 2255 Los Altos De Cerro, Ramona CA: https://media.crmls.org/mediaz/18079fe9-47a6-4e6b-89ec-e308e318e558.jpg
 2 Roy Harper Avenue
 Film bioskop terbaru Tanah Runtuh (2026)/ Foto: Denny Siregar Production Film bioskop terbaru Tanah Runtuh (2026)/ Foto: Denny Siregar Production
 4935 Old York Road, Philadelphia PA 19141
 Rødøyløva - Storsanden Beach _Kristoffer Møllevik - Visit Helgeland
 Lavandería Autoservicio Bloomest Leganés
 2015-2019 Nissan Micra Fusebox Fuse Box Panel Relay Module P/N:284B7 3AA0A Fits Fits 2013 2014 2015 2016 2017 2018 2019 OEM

▶ _Goal of the exercise_:
Could you set down exactly the lines above, from the one containing "Rødøyløva - Storsanden" through the last, including both and nothing else?

▶ _Solution for this problem_:
 Rødøyløva - Storsanden Beach _Kristoffer Møllevik - Visit Helgeland
 Lavandería Autoservicio Bloomest Leganés
 2015-2019 Nissan Micra Fusebox Fuse Box Panel Relay Module P/N:284B7 3AA0A Fits Fits 2013 2014 2015 2016 2017 2018 2019 OEM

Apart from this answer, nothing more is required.